[Raw data]
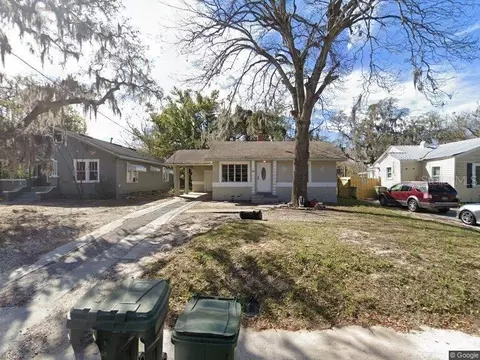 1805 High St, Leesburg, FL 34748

==

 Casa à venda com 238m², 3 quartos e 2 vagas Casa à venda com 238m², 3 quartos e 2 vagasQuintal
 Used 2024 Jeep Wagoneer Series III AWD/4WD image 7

[Task item] Please make an exact copy of the lines above from the line with "Casa à venda com 238m², 3 quartos e 2 vagas Casa" through the line with "Used 2024 Jeep", both ends included.

[Exercise output]
 Casa à venda com 238m², 3 quartos e 2 vagas Casa à venda com 238m², 3 quartos e 2 vagasQuintal
 Used 2024 Jeep Wagoneer Series III AWD/4WD image 7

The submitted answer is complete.